Start of Entries supplied
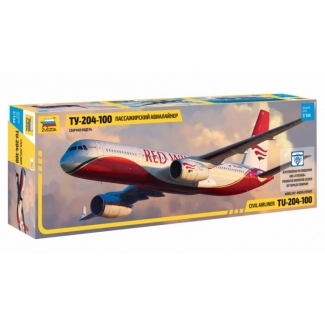 Zvezda 7023 Civil Airliner Tu-204-100 (1:144)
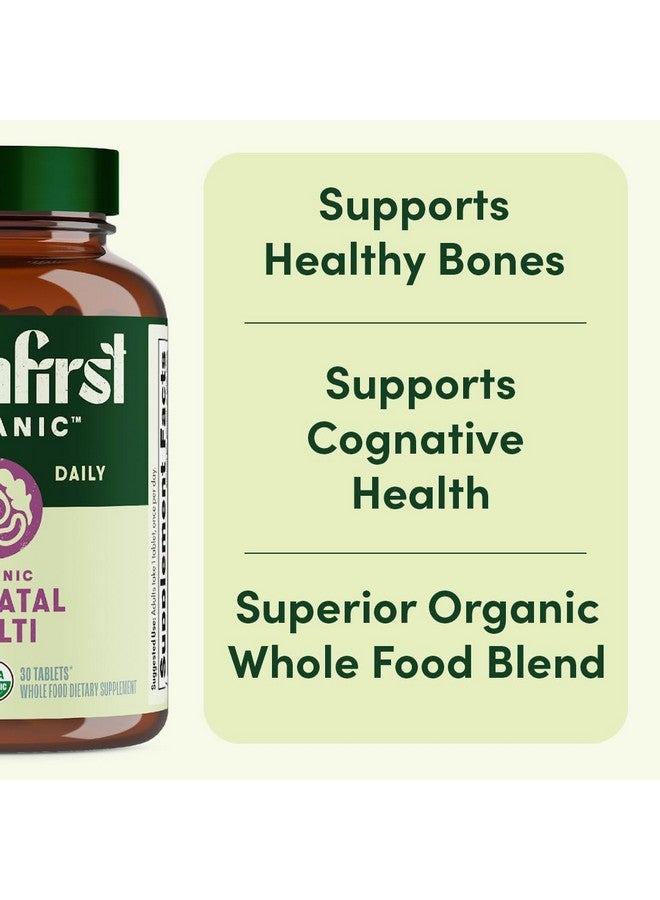 EarthFirst Organic Prenatal Once Daily Multivitamin for Women for Conception, Pregnancy, Postpartum & Breastfeeding, Folate, Iron & Organic Whole Food Blend, 30 Count - Image 3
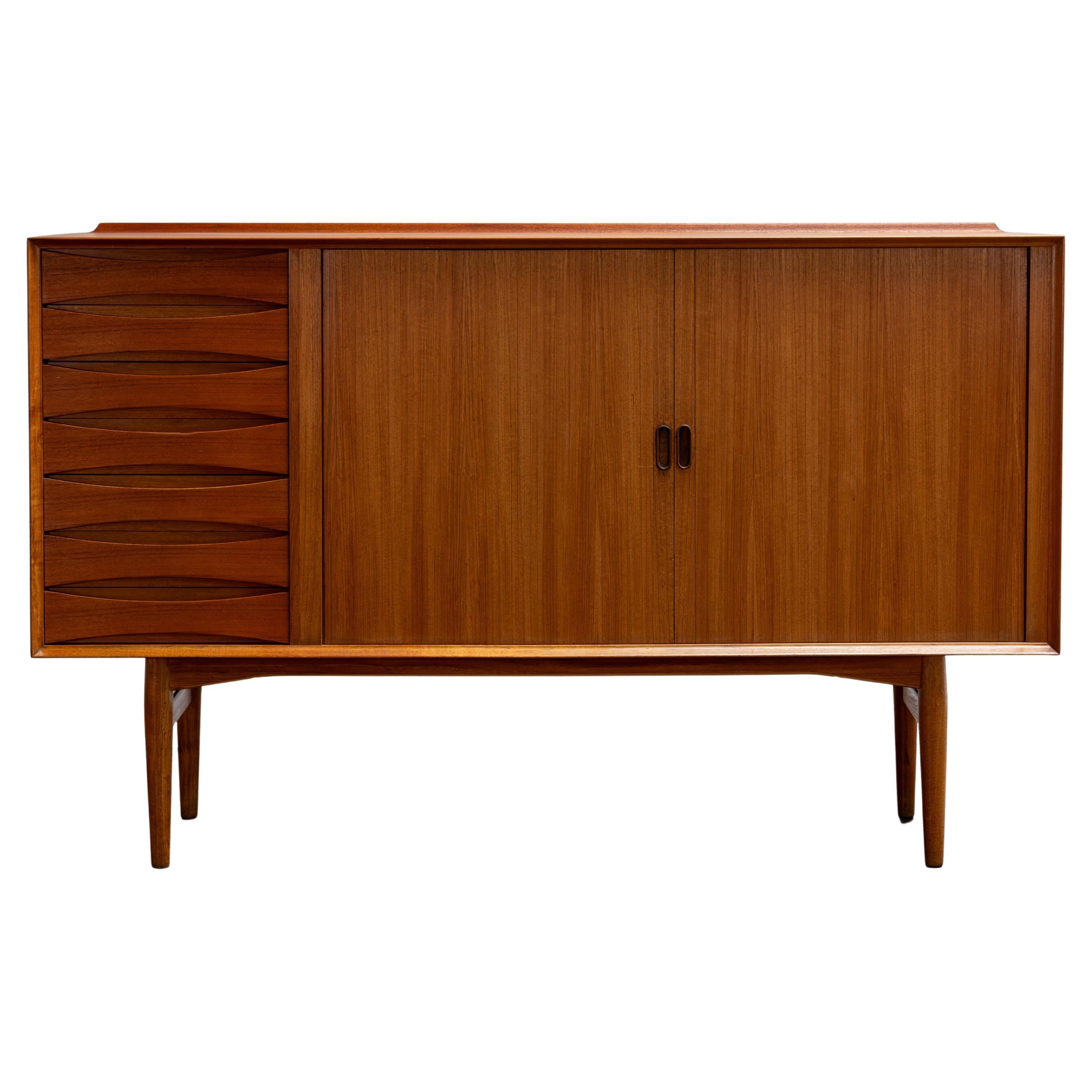 Arne Vodder - Teak Highboard OS 63 Sibast, Denmark, 1950s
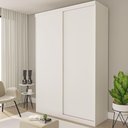 Ver imagem 2 de Guarda Roupa 2 Portas de Correr 2 Gavetas Kiara Minastex Branco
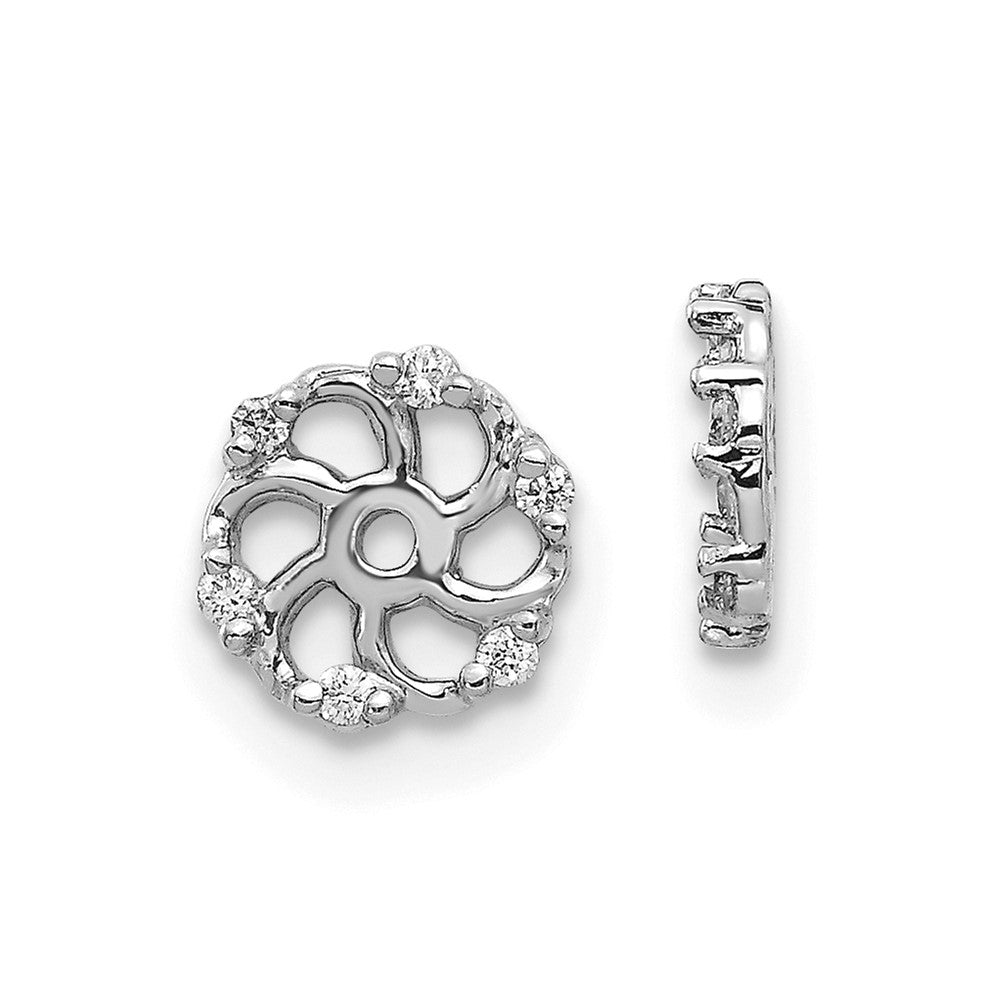 14K White Gold Lab Grown VS/SI FGH Dia Earring Jacket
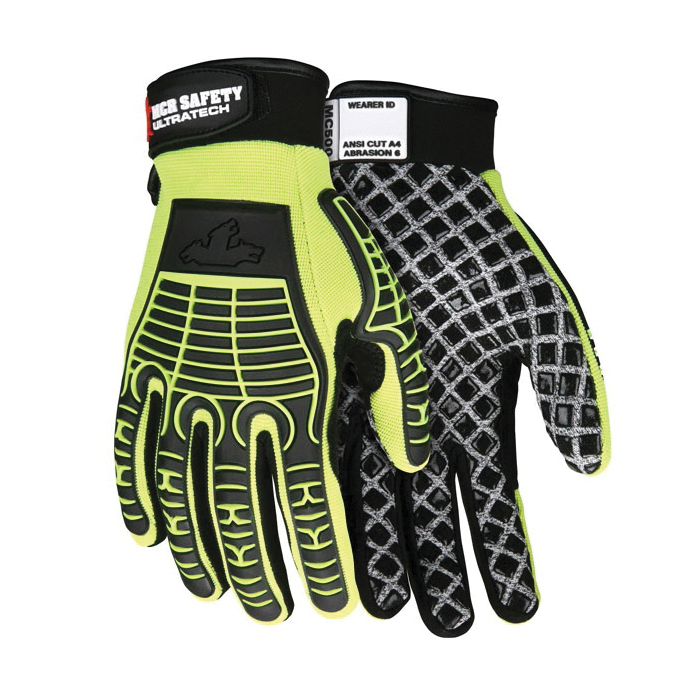 MCR Safety - Cut, Puncture & Abrasive-Resistant Gloves: Size L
End of Entries supplied
■ Exercise goal
Write out a verbatim copy of the lines from the line that contains "Arne Vodder - Teak" through the end of the entries above; pictures are not copied.

■ Exercise answer
 Arne Vodder - Teak Highboard OS 63 Sibast, Denmark, 1950s
 Ver imagem 2 de Guarda Roupa 2 Portas de Correr 2 Gavetas Kiara Minastex Branco
 14K White Gold Lab Grown VS/SI FGH Dia Earring Jacket
 MCR Safety - Cut, Puncture & Abrasive-Resistant Gloves: Size L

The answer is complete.